Jean-Pierre Jeunet versus Guillermo Del Toro : qui plagie qui ?

Jean-Pierre Jeunet a récemment accusé Guillermo Del Toro et son film The Shape of Water d'avoir plagié Le fabuleux destin d'Amélie Poulain, qui lui-même à sa sortie avait été accusé de plagiat. Explications, vidéos à l'appui.

Interrogé dans Ouest France sur les ressemblances entre ses longs-métrages et l'Oscar du meilleur film, Jean-Pierre Jeunet ne cache pas un petit agacement : « effectivement il y a un petit côté au début avec le peintre, l’appartement, la jeune fille un peu candide… ». Mais il ajoute : « Quand il pique la scène du couple assis au bord du lit qui danse avec les pieds, avec la comédie musicale en arrière-plan à la télé, c’est tellement copié-collé de Delicatessen […]. » 

D'autres ont également accusé Guillermo Del Toro de plagiat : une vidéo rassemble d'ailleurs ses “emprunts”. Le réalisateur a finalement répondu à Jean-Pierre Jeunet qu’il n’a rien pris aux autres, affirmant notamment : « c’est Terry Gilliam qui nous a tous influencés ». 

 

Jean-Pierre Jeunet n’a pas l’intention d’attaquer Del Toro en justice et reconnait que la scène de la salle de bain dans Delicatessen « était déjà dans un vieux Laurel et Hardy.

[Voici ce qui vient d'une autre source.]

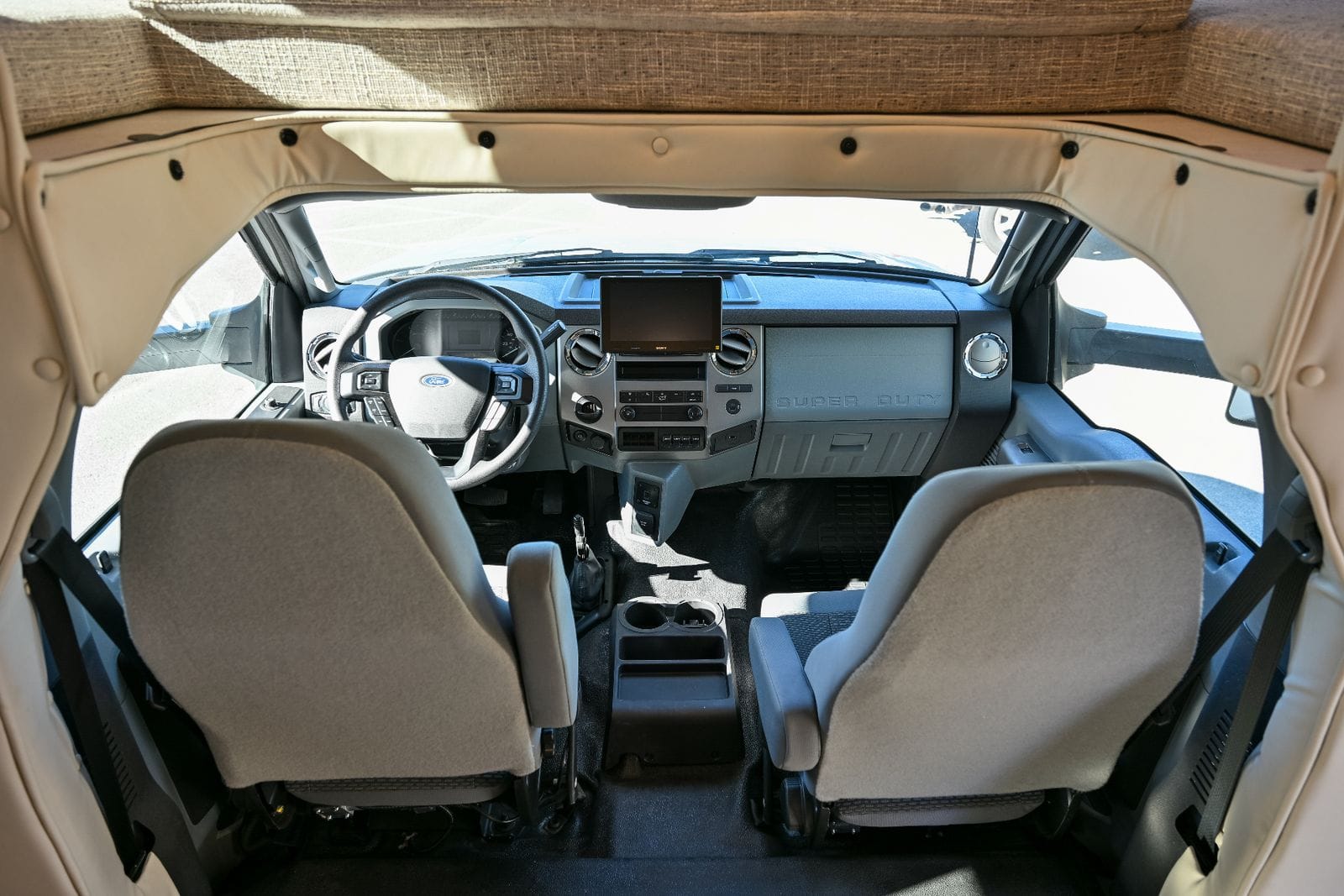 2026 Nexus Maximus 34MX Ford Super Duty cockpit seen from the coach with both captain's chairs, dash and Sony touchscreen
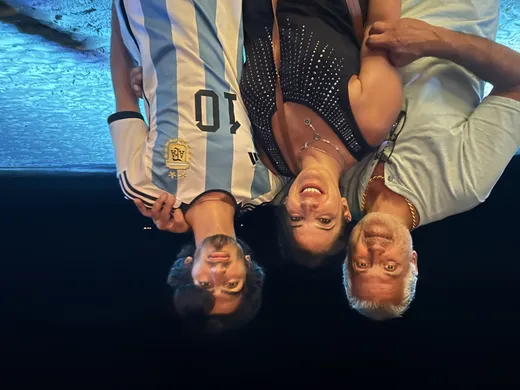 Three people smiling together at night on a beach, with the young man wearing an Argentina soccer jersey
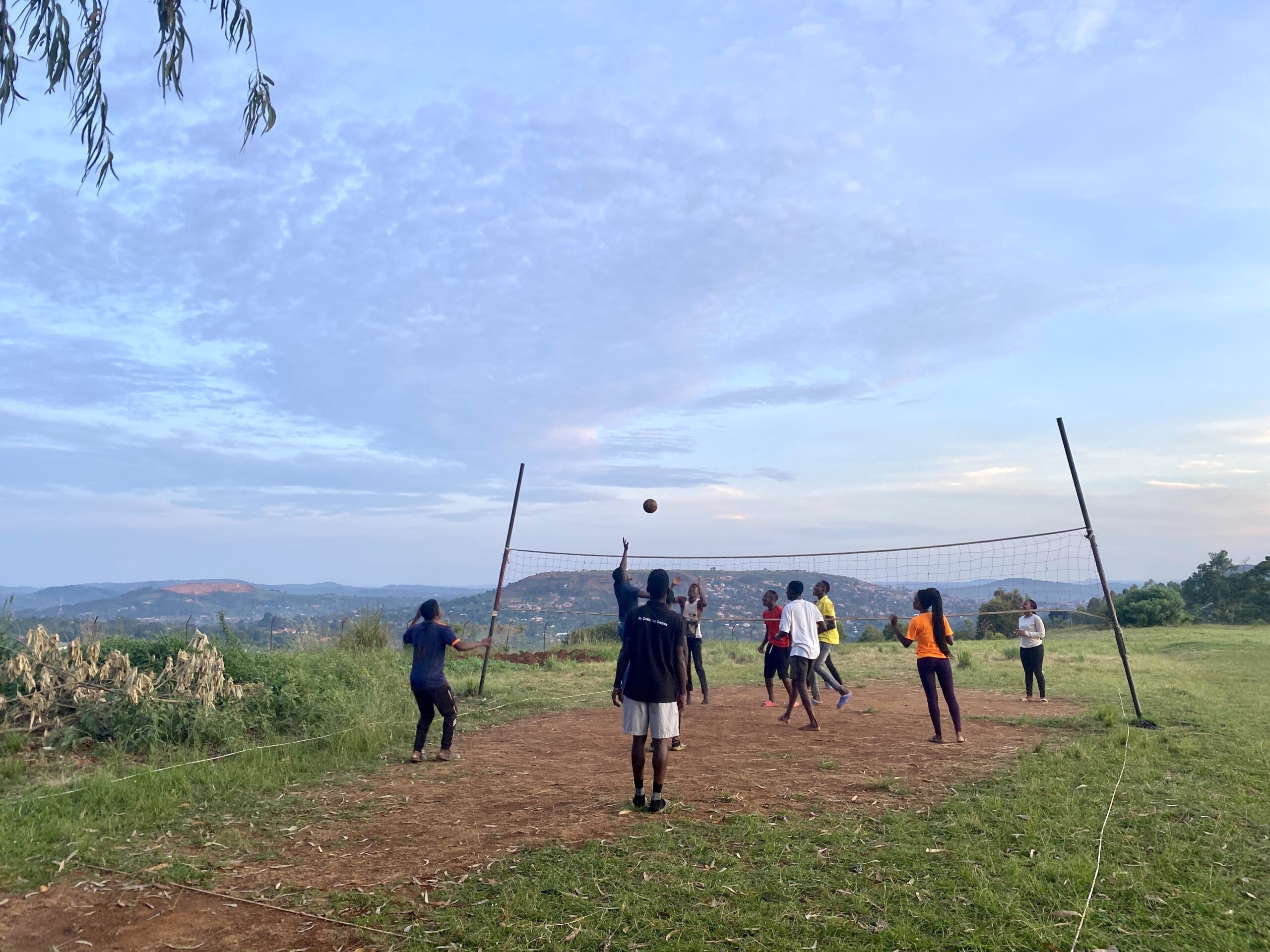 playing volleyball with views over the hills of mpigi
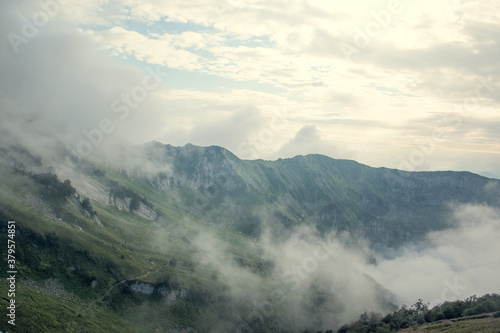 Landscape on mountains with clouds. Bird's eye view. Early, Sunny morning. Sochi. Krasnaya Polyana. A soft picture. © Антонина Кузнецова
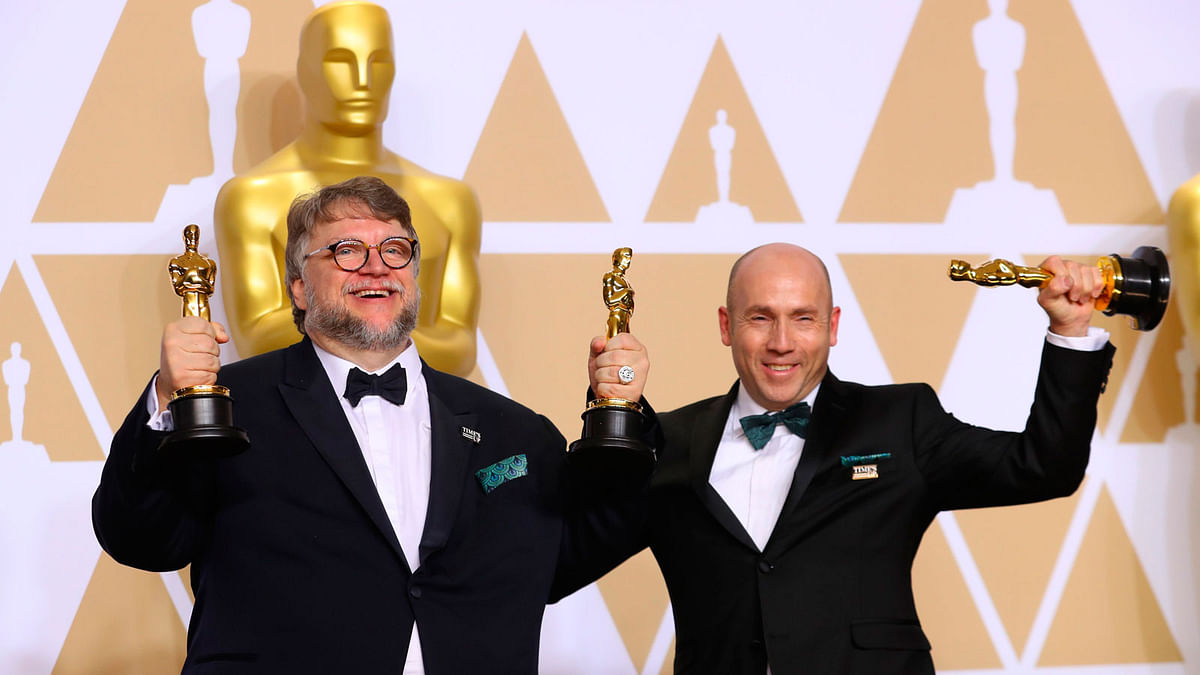 Guillermo del Toro and J. Miles Dale after winning Best Picture and Best Director awards for `The Shape of Water.` Photo: Reuters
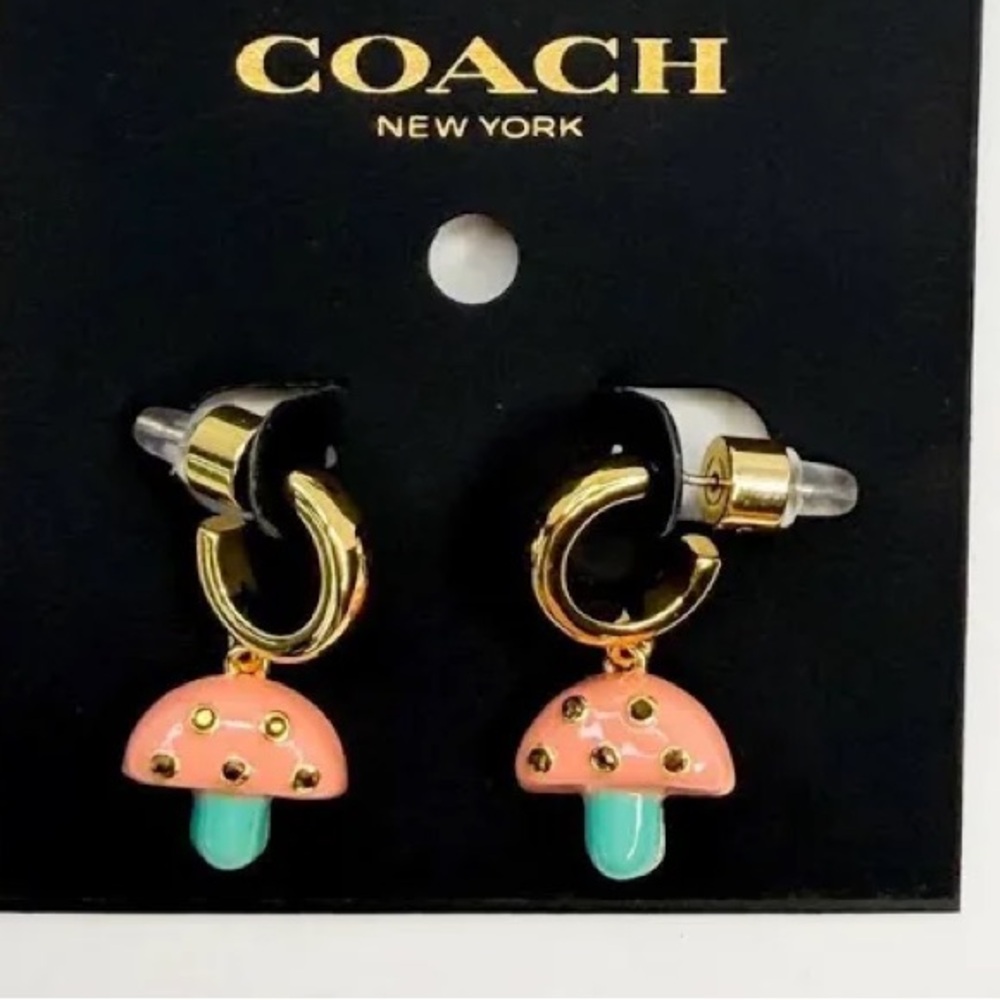 Authentic New on card. Coach Gold tone  Hoop Earrings with Mushroom charms.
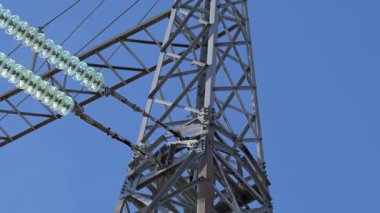 Açık gökyüzüne sahip bir güç iletim kulesinin yakın görüntüsü.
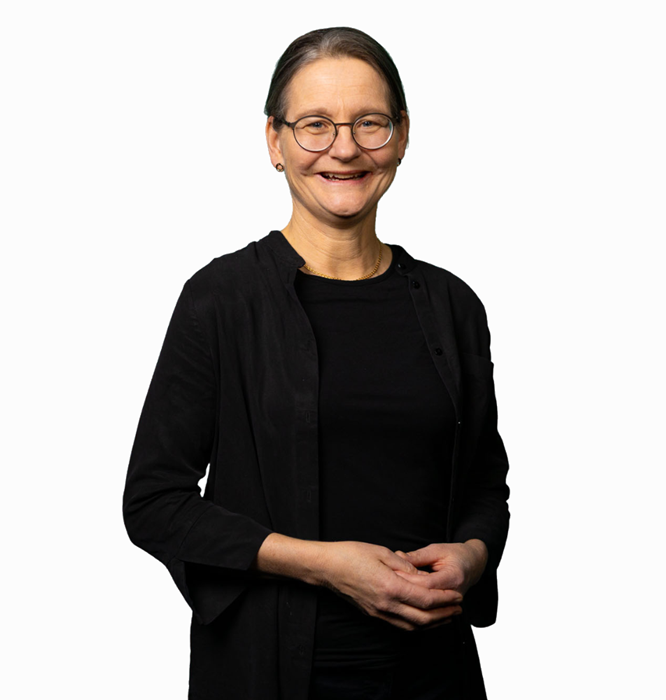 Glad Ulrika i halvbild tittar in i kameran och ser ut att gestikulera med händerna.
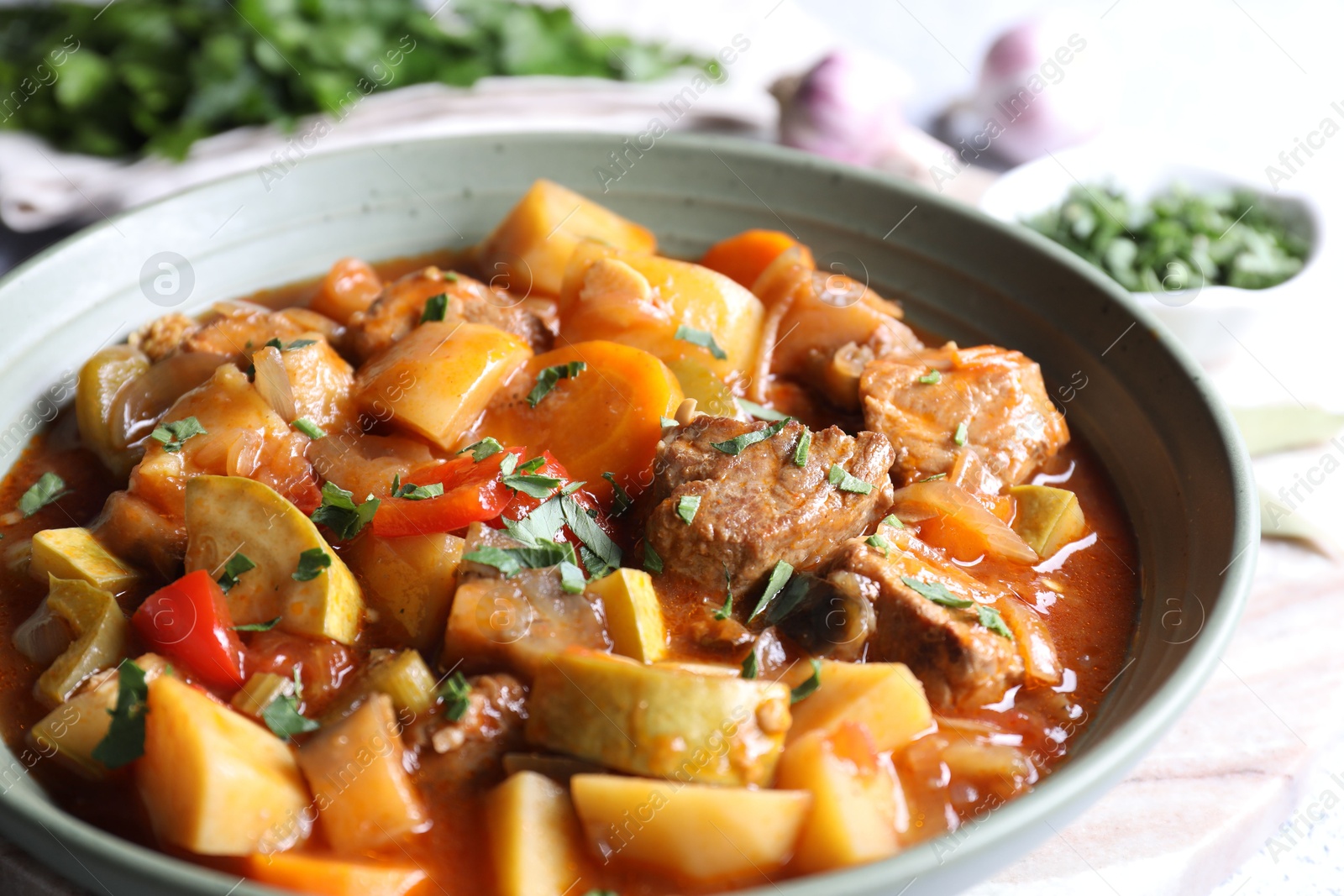 Photo of Delicious stew with vegetables in bowl on table, closeup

Je ne l’ai réalisé que des années plus tard en le voyant. » Jean-Pierre Jeunet a sans doute la mémoire courte puisqu'il avait lui-même été accusé de plagiat lors de la sortie du Fabuleux destin d'Amélie Poulain.

Amélie, plagiat d'un court-métrage ?

Tout commence dans les années 80 avec Michel Folco, écrivain, photographe et collectionneur compulsif, qui collecte les photos déchirées et abandonnées dans et autour des Photomaton. Il les colle dans un album publié par la suite. Au début des années 90, il le montre à Jean-Pierre Jeunet.

En 1993, Sébastien Nuzzo, auteur de théâtre, acteur et metteur en scène, réalise son premier court métrage Lucille et le photomaton, sélectionné dans plusieurs festivals et diffusé sur plusieurs chaînes de télévision. 

En 2001, il voit en salle Le fabuleux destin d’Amélie Poulain. Il estime que trop d’éléments rappellent son film pour que ce soit un hasard : l’héroïne naïve et décalée, la recherche d’un inconnu qui abandonne ses portraits tirés dans les cabines de Photomaton et qui se révèle en être le réparateur, l’histoire racontée en voix off, les regards et les répliques de l’héroïne face caméra. Son courrier à Jean-Pierre Jeunet reste sans réponse. En 2003, il perd le procès qu’il lui intente pour plagiat.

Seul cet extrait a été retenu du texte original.